L’Otan emploie un effort considérable pour coordonner les mesures de sécurité transfrontalières avec le gouvernement Pakistanais. Cela parfois réussit. Certains membres du gouvernement pakistanais ont des objectifs différents, en soutenant les Talibans quand cela leur convient, ou du moins en fermant les yeux. Toutefois, ce pays souffre d’une aggravation dangereuse de la part de ses propres Talibans qui ont l’intention de faire tomber le gouvernement actuel, un objectif partagé par les dirigeants d’Al-Qaïda. Le départ des forces de l’Otan de l’Afghanistan, aggraverait la situation et permettrait qu’un Etat doté de l’arme nucléaire tombe un jour entre les mains des extrémistes.

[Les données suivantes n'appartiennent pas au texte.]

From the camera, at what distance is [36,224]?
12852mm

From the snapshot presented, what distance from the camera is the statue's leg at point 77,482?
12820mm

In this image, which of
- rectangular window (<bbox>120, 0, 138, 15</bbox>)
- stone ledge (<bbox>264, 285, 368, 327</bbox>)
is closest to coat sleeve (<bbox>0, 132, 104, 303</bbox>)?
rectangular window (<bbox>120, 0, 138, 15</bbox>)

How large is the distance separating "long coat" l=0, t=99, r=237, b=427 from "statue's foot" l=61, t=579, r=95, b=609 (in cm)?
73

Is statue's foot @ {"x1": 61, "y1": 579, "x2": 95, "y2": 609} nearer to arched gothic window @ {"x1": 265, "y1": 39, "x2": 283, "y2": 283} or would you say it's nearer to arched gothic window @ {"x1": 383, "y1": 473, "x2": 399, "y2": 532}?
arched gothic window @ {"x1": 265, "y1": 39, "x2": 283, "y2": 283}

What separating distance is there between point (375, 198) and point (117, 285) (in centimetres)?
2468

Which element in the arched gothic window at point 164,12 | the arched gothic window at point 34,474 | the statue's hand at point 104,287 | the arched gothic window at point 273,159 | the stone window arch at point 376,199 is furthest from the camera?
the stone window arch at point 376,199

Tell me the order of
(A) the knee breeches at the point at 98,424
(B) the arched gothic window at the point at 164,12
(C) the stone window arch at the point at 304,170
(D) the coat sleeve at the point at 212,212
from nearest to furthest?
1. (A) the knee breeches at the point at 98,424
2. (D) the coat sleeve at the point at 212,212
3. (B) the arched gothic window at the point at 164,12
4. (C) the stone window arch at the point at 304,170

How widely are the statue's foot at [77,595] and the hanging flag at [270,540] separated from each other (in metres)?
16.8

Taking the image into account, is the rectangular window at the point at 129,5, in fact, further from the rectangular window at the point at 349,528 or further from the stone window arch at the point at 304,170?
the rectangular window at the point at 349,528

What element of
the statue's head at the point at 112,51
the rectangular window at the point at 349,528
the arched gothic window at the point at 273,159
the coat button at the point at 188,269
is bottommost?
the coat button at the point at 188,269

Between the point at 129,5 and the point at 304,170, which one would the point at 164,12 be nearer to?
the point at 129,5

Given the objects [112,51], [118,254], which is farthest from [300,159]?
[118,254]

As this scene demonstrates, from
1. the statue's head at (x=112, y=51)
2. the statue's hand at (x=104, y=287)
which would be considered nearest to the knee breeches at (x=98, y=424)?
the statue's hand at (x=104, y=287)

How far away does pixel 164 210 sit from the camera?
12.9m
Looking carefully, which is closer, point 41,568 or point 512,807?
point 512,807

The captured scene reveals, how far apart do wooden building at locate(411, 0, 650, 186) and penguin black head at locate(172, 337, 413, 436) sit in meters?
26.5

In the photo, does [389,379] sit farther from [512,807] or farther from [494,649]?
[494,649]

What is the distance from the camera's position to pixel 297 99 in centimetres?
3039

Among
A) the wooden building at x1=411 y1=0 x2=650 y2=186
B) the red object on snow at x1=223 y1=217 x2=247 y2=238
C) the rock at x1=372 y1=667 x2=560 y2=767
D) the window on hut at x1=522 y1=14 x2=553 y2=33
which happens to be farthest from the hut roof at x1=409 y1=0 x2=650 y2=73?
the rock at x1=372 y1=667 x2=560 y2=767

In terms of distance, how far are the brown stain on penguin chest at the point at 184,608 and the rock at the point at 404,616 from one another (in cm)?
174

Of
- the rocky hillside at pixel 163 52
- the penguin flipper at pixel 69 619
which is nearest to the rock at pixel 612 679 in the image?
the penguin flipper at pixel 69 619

Je n’exclue pas l’idée dans son principe qu’une force internationale, tel que l’Otan remplace la présence de Tsahal en Cisjordanie pour pouvoir maintenir la paix. Toutefois, cette idée soulève un certain nombre de questions très graves. Cela concerne, les pays, le temps de présence des troupes et toutes les difficultés à rassembler ces forces. Face à une opinion publique hostile à un engagement militaire extérieur et dangereux, certaines nations refuseront de participer à cette aventure pour également essayer de développer et maintenir de bonnes relations avec toutes les parties et tous les antagonistes. Les exemples sont nombreux et nous les avons mentionnés pour le Vietnam, l’Irak, le Liban ou l’Afghanistan et nous avons évoqué l’attaque d’Al-Qaïda à Madrid qui a conduit au retrait des forces espagnoles de la campagne irakienne. Le seul succès de l’Otan fut au Kosovo.

Des forces néerlandaises ont combattu vaillamment et efficacement en Afghanistan. Ils ont été courageux et ils ont eu de nombreuses victimes, mais Srebrenica ne pouvait être oubliée! En 1995, plus de 8000 civils ont été massacrés sous les yeux des casques bleus néerlandais. Pour conclure, je ne voudrais pas exclure la possibilité d’un retrait de Tsahal de la Cisjordanie, ou son remplacement par une force de l’Otan, mais avant que cela ne puisse être sérieusement envisagé, nous devons résoudre plusieurs questions fondamentales. Elles sont essentielles pour l’Otan, pour l’Occident dans son ensemble, et pour tout le Moyen- Orient.

Cet article est basé sur les propos du Colonel Richard Kemp, ancien commandant des forces britanniques en Afghanistan, lors d’une conférence du JCPA- CAPE tenue à Jérusalem.